She wanted to make something beautiful, exciting and new from that waste, and said using recycled materials linked with her drive to make work that spoke of nurturing, repairing and reconstructing nature.
Her fellow students had other preoccupations. Rob Walker's work is a small room full of expressive self portraits and Rena Pearson's big colourful paintings are taken from topographical maps of places she has lived or visited.
3 Ladders opened with two other shows in the Whanganui UCOL atrium on Saturday night.
The others were a third-year fine arts show called Sideways Here We Come and the Diploma in Glass Design and Production graduation show Third and Foremost. The atrium was packed with about 200 students, tutors, friends, families, admirers and art collectors for the launches.
Sarah Williams was honoured as the top student among the fine arts graduates, while Tina Shilbock got acclaim for being the most supportive and Linda Satchwell won the Doyle Glass Prize.
The guest speaker was Anne Pattillo, the Wellington consultant who has been donating the annual Pattillo Scholarship.
She told students to remember the people who loved and supported them on that night and into the future.
To an artist art wasn't a luxury or an optional extra, she said.
"It's the essence of human life.

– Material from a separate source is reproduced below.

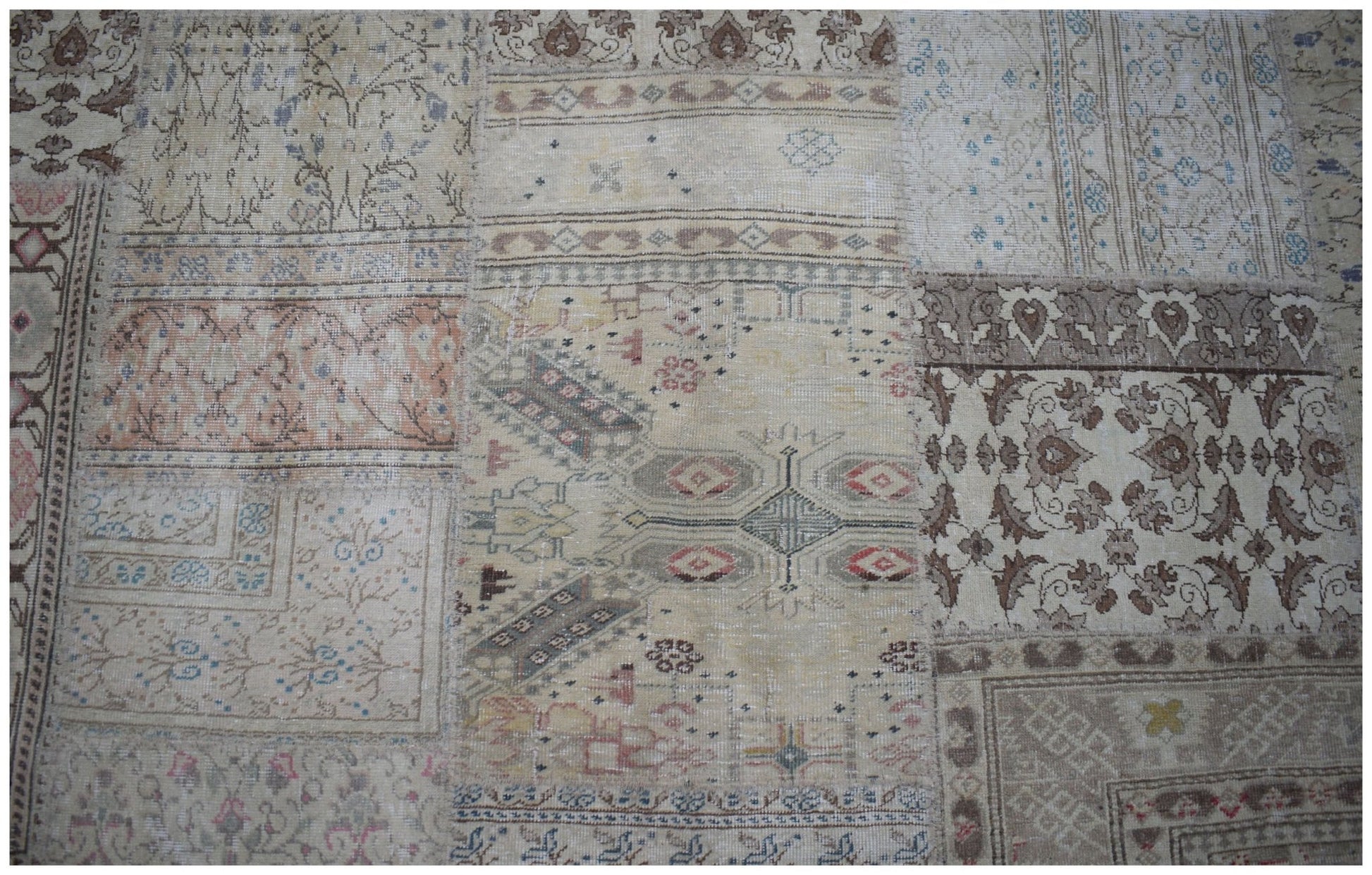 A handmade vintage patchwork rug featuring a variety of faded floral and geometric patterns.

You need that fabric of love around you to create that work that you do. You create, not in a vacuum, but with others."
Whanganui UCOL principal Julia Pedley said the art school was world class, without peer in the New Zealand art education sector. She outlined the school's achievements of 2011:
•Lorraine Webb was named an iconic teacher
•Brit Bunkley won Sculpture Wanganui 2011
•Bridget McArthur got the top award in a show of past and present students' work
•Bonnie Wroe won the Pattillo Scholarship
The three shows are on until November 19. 3 Ladders and Sideways Here We Come are upstairs at Whanganui UCOL and Third and Foremost is in the Federal Gallery.